The Nobel Prize winning economist Robert Solow made the distinction between the budget and the economy in reviewing Judge Richard Posner’s book A Failure of Capitalism: The Crisis of ‘08 and the Descent into Depression for the 14-27 May issue of the New York Review of Books in which Steven Kates’s name might in this passage be substituted for Posner’s:

There are other weaknesses in Posner’s remarks on the real economy. For example, more than once he says that the various antirecessionary measures—like fiscal stimulus, bailouts—are very “costly” and “may do long-term damage to the economy.” He does not explain what these costs and damages are. Sometimes he seems to have budgetary costs in mind. But bailouts are mostly transfers from one group in society to another, for example from taxpayers to financial institutions and their owners. They are certainly not ethically satisfying transfers, but it is not clear how they do long-term damage to the economy. The components of a fiscal stimulus package are costs to the federal budget; but to the extent that they put otherwise unemployed labor and idle industrial capacity to work, they do not impoverish the economy; in fact, they enrich it. (Of course, one would prefer useful projects to wasteful ones.) If fiscal stimulus works, even imperfectly, there is no doubt which way the benefit–cost ratio goes.

There are two earlier passages in Solow’s review which all those riding quixotically into battle against a Keynes of their imagination should ponder: 

Most commentary, at large, in Posner’s book, and in this review, has been about how the financial collapse damages the real economy.
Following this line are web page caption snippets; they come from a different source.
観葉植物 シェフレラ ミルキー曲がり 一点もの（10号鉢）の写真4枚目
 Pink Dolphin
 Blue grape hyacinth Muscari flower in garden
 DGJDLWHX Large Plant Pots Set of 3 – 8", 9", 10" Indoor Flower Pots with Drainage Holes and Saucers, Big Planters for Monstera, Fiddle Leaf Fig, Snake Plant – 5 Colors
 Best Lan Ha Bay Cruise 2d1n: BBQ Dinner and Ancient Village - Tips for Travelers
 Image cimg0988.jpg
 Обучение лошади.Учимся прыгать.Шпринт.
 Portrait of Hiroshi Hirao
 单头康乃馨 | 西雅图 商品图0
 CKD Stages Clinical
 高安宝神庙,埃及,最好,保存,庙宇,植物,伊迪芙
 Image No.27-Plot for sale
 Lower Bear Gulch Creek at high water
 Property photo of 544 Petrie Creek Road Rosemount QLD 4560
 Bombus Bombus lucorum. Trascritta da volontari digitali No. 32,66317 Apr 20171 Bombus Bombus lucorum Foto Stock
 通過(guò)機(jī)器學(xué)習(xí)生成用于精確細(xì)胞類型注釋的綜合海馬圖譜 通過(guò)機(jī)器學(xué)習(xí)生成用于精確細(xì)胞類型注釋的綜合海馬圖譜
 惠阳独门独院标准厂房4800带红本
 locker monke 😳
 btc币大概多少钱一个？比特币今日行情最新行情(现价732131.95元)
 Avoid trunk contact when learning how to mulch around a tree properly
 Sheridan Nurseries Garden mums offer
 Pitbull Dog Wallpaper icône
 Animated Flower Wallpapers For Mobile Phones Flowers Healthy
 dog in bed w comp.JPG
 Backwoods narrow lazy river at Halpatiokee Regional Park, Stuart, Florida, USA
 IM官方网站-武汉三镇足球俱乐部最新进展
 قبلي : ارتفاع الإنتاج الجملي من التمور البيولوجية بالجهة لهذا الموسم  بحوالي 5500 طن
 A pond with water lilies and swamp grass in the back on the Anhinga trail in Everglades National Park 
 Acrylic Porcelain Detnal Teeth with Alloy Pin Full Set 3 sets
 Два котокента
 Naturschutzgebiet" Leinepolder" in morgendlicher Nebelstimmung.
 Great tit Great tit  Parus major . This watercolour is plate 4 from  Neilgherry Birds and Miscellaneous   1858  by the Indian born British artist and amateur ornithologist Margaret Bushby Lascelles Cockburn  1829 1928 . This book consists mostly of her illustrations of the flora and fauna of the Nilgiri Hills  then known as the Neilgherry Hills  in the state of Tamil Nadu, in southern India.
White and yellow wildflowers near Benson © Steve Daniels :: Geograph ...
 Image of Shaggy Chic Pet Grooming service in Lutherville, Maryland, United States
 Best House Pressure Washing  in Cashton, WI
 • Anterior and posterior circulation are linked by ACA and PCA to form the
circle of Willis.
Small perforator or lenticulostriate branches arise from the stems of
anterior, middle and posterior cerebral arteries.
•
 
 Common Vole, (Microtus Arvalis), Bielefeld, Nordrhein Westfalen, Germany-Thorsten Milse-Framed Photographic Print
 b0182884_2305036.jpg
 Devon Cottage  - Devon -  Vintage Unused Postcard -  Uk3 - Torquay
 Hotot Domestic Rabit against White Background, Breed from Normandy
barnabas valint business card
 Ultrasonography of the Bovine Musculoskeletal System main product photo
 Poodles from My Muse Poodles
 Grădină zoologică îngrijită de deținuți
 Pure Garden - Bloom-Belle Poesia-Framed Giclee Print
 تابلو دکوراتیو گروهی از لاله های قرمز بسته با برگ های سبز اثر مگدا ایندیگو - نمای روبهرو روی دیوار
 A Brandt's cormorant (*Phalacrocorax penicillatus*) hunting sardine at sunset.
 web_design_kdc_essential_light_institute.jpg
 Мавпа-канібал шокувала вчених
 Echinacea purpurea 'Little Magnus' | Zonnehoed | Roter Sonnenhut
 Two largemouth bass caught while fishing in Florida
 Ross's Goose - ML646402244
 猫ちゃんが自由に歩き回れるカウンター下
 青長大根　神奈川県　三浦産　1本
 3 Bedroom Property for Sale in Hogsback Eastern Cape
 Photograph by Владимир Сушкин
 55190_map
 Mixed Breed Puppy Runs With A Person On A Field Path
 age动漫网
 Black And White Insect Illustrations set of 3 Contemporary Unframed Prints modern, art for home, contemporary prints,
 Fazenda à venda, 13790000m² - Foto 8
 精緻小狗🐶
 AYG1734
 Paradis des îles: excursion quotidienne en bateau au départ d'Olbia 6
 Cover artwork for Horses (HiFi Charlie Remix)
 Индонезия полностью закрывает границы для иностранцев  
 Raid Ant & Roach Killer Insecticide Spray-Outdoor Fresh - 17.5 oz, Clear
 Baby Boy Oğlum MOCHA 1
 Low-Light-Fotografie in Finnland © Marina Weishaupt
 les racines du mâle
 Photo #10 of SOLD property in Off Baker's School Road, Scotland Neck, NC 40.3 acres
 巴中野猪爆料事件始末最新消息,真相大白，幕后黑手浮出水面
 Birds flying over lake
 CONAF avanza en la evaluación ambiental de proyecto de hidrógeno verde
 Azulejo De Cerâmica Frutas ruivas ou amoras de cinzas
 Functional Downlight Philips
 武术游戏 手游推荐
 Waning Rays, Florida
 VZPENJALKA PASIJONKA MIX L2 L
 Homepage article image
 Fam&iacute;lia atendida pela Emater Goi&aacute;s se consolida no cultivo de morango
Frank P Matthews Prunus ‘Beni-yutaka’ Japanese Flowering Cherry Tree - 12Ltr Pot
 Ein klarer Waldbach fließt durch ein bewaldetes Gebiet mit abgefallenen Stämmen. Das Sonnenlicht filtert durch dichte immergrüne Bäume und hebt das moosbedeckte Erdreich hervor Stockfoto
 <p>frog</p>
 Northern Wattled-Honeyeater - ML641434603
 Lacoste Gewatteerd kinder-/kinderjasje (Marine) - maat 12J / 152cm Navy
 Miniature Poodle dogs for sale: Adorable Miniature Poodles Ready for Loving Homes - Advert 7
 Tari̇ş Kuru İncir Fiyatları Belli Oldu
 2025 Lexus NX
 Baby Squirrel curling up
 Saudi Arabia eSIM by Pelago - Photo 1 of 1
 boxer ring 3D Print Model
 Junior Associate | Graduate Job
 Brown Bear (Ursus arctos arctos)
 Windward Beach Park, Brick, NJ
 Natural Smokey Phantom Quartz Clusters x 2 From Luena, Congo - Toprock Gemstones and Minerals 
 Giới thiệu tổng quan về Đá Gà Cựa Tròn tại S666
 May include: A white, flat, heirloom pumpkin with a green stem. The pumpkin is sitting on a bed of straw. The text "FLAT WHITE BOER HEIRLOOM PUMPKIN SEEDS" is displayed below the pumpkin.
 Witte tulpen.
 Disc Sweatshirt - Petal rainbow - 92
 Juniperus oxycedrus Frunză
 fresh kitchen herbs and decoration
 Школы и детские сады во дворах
It might be thought that somehow fixing the financial mess would automatically fix the real economy. That is not so, for at least two reasons worth mentioning. In the first place, all that vanished wealth cannot be restored; much of it was fluff, as we now know. American families are not worth $64.4 trillion. There is no way to know now whether they are worth more than $51.5 trillion or less. 

Consider that in the context of this previous statement: 

Nothing concrete had changed. Buildings still stood; factories were still just as capable of functioning; people had not lost their ability to work or their skills or their knowledge of technology. But a population that thought in 2007 that they had $64.4 trillion with which to plan their lives discovered in 2008 that they had lost 20 percent of that. A standard, empirically tested rule of thumb is that an additional dollar of wealth induces the average consumer to increase annual spending by an amount between four and six cents. So we are looking at a potential drop in consumer spending of something like $650 billion a year (5 percent of $13 trillion). 

Consider that, because it makes it very clear why rational policy makers may think that Obama’s $800 billion package of expenditure over several years is hardly going to touch the sides.

James Guest writes that he “was a Founder Member of the Society of Modest Members, the Dries before Margaret Thatcher invented the term.”